**Work instruction**
Reproduce the full listing below exactly. Do not include the pictures.

**Exercise data**
--

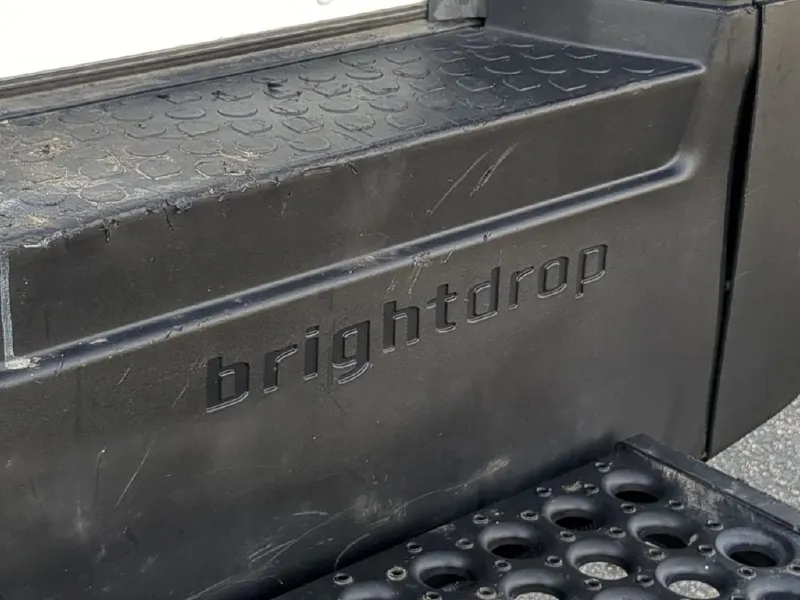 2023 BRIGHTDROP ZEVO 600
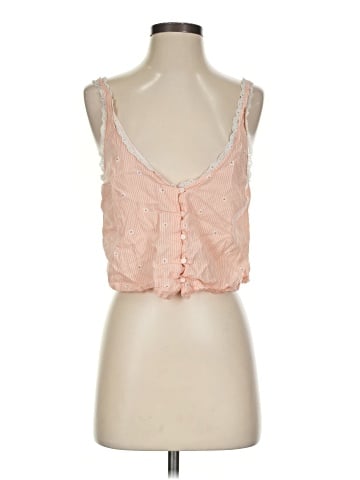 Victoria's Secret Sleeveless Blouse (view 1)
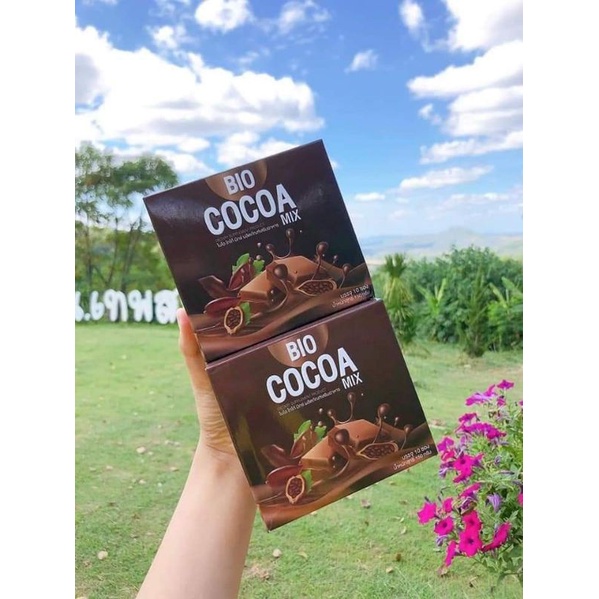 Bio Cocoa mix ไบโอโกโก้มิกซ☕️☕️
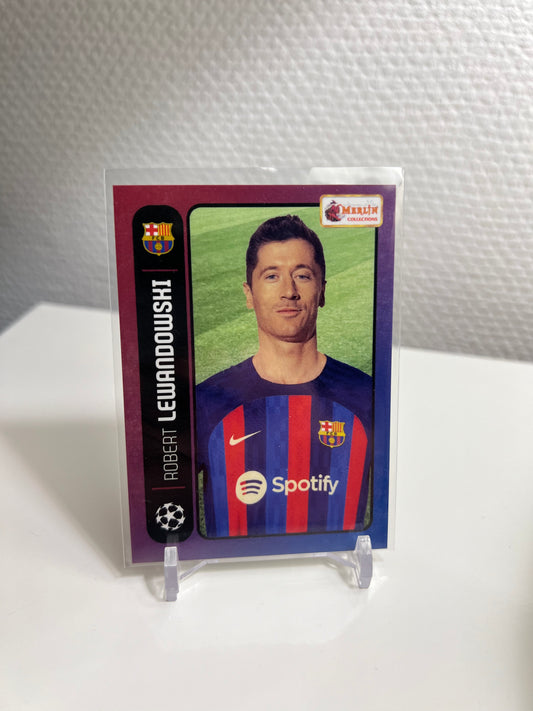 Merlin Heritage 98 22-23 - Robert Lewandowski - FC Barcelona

--

**Output of the exercise**
 2023 BRIGHTDROP ZEVO 600
 Victoria's Secret Sleeveless Blouse (view 1)
 Bio Cocoa mix ไบโอโกโก้มิกซ☕️☕️
 Merlin Heritage 98 22-23 - Robert Lewandowski - FC Barcelona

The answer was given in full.